Problem: From the line containing "Sparkle Queen Purple" down to the line containing "KASANOVA Batteria pentole", copy out the entries below exactly, both lines included, and nothing else; pictures do not belong in the copy.

Data for this task:

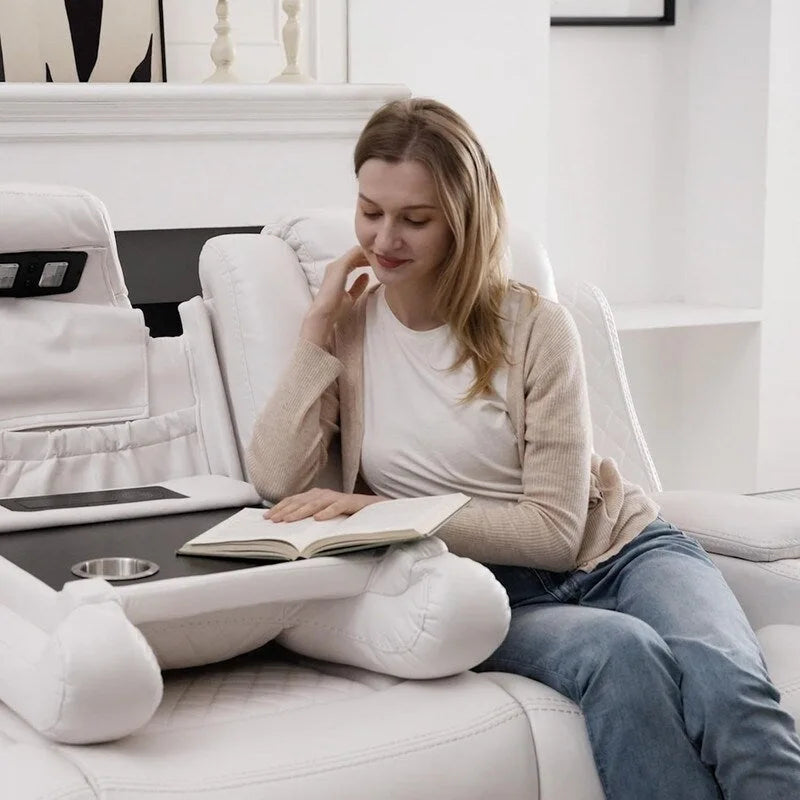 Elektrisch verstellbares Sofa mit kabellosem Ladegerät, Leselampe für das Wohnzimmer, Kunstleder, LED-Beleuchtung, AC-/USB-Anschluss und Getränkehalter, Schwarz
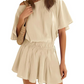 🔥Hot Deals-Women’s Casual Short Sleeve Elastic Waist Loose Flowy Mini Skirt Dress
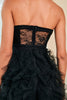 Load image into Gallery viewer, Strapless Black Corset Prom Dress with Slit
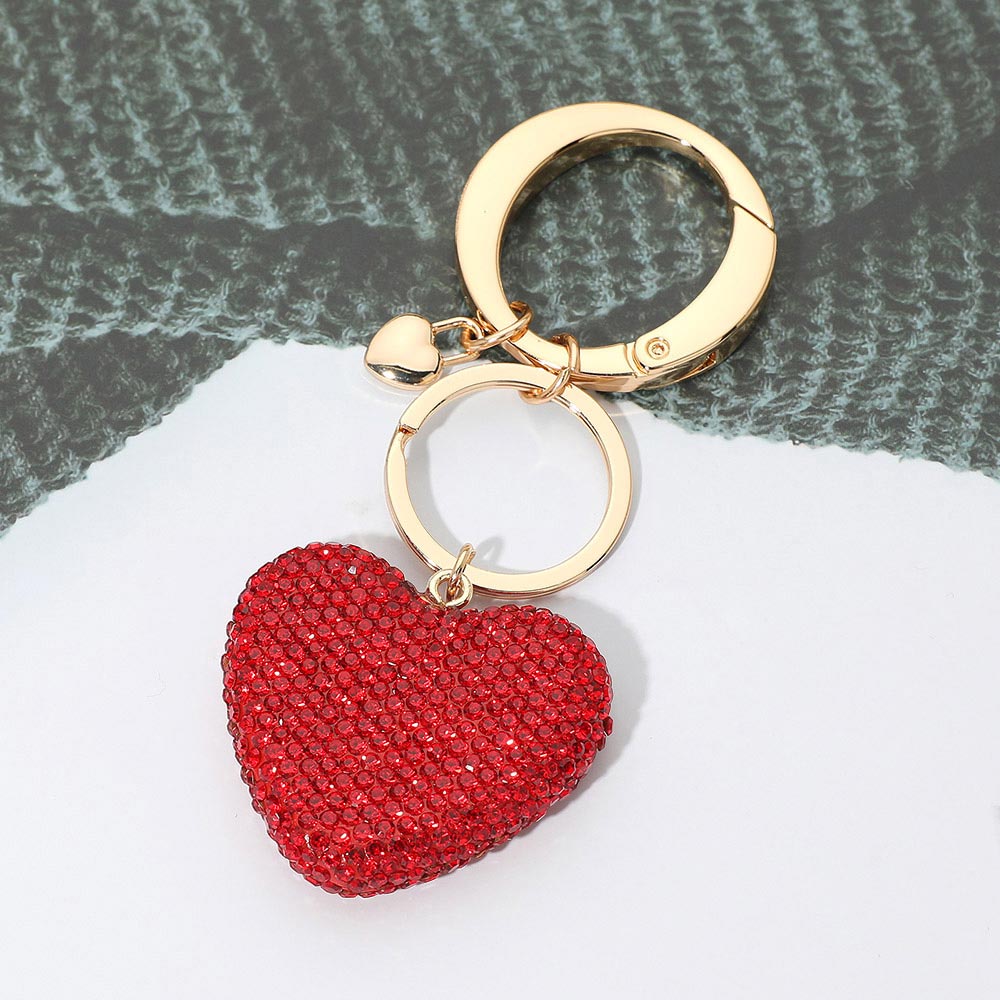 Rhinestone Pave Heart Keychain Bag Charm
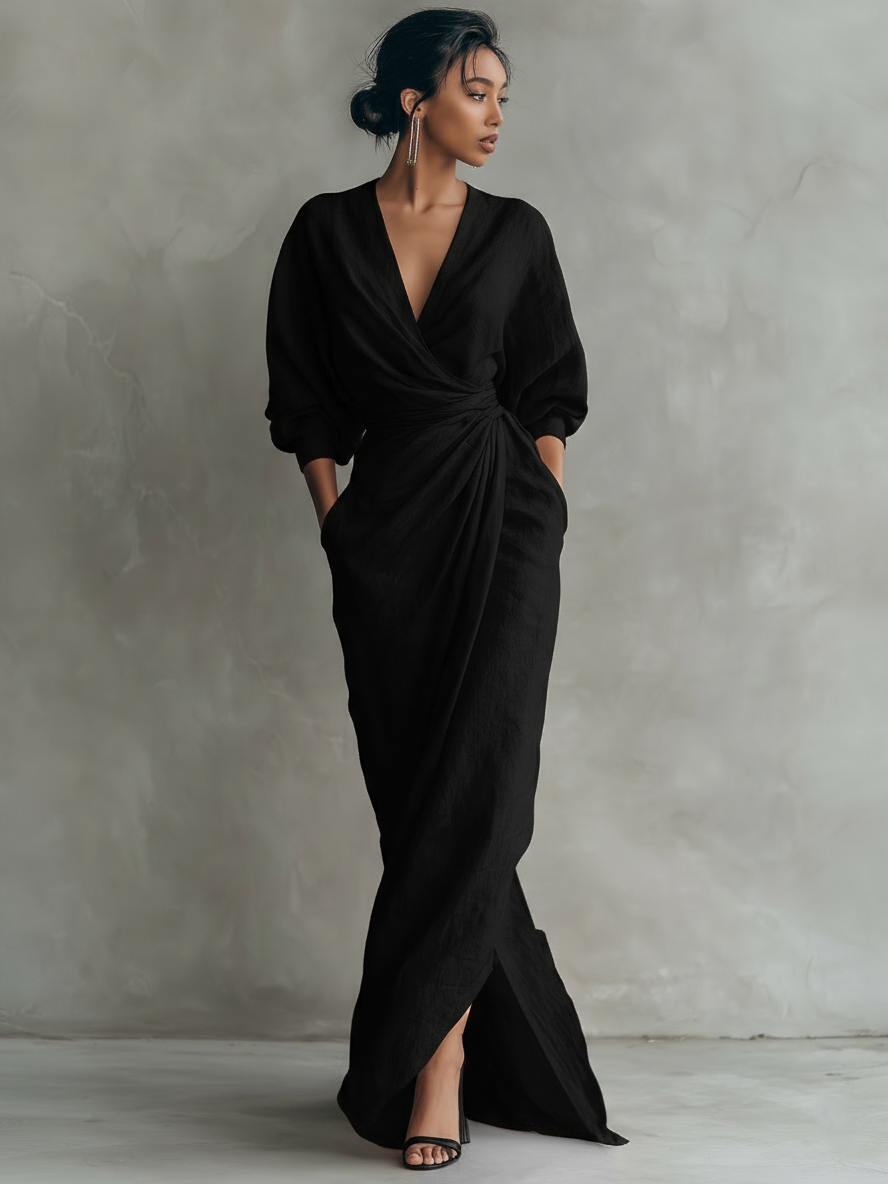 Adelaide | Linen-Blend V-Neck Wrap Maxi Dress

==

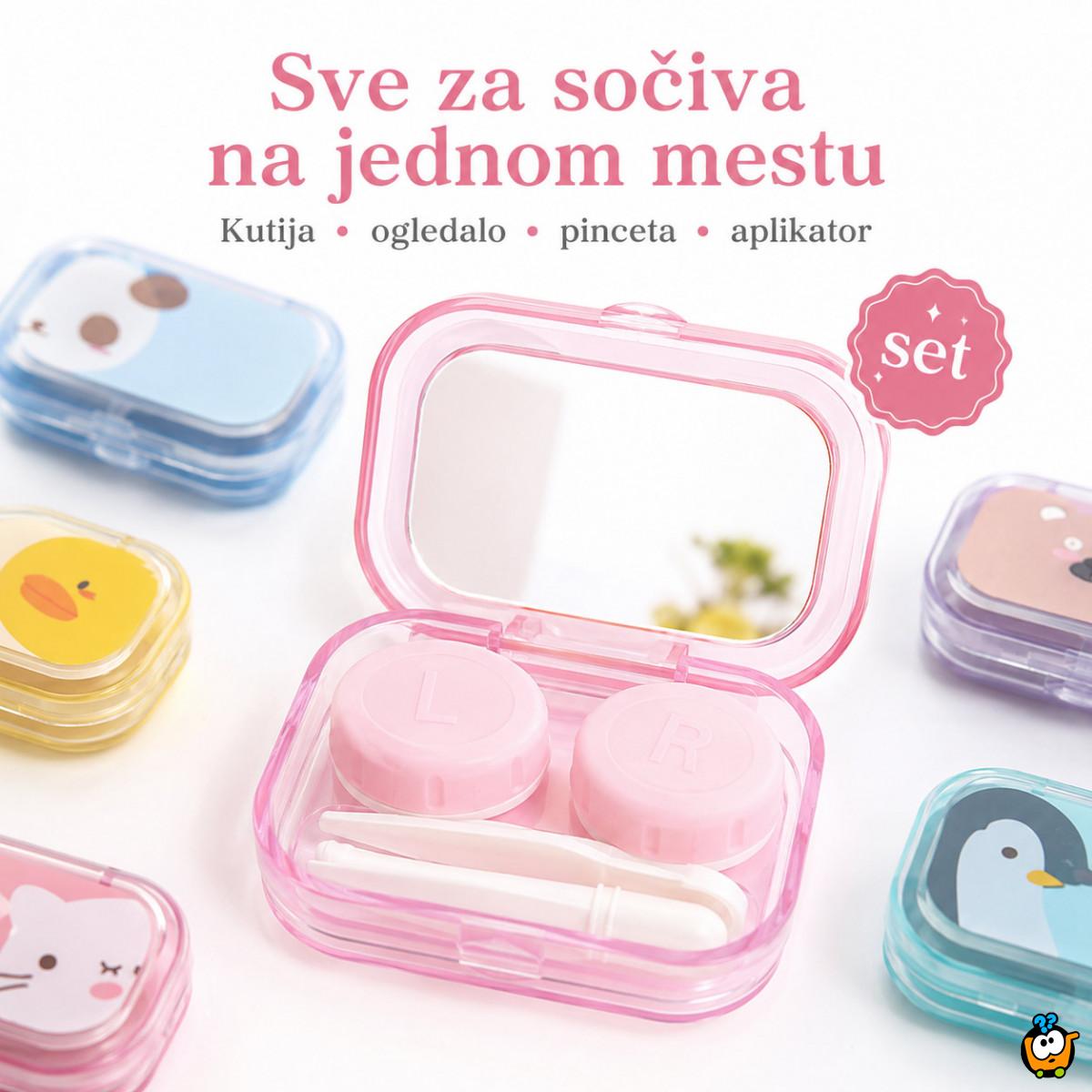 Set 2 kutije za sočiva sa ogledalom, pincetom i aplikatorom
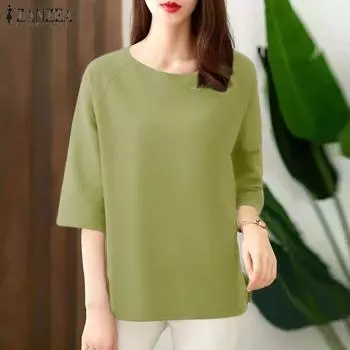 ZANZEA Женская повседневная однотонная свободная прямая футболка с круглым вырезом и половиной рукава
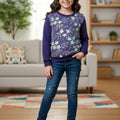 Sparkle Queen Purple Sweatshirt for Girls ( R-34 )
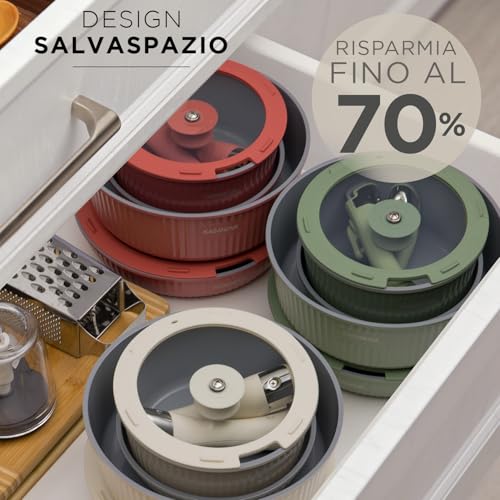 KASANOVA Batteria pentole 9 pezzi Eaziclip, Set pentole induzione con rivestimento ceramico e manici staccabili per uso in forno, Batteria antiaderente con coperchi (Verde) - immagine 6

* * *

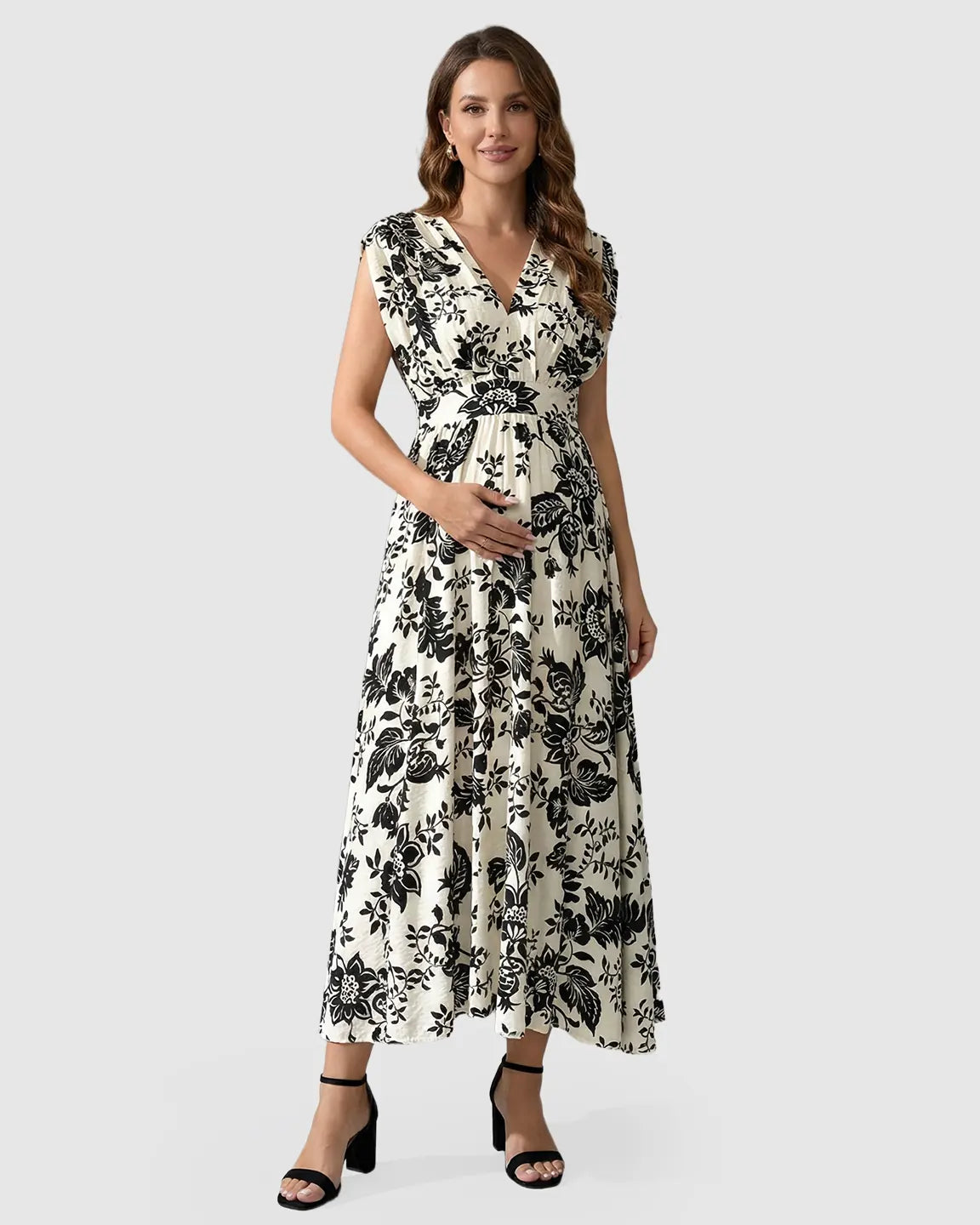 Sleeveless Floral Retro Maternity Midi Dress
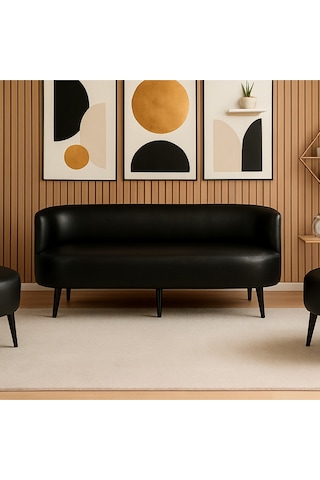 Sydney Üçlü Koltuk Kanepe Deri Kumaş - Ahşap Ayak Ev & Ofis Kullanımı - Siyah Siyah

Solution:
 Sparkle Queen Purple Sweatshirt for Girls ( R-34 )
 KASANOVA Batteria pentole 9 pezzi Eaziclip, Set pentole induzione con rivestimento ceramico e manici staccabili per uso in forno, Batteria antiaderente con coperchi (Verde) - immagine 6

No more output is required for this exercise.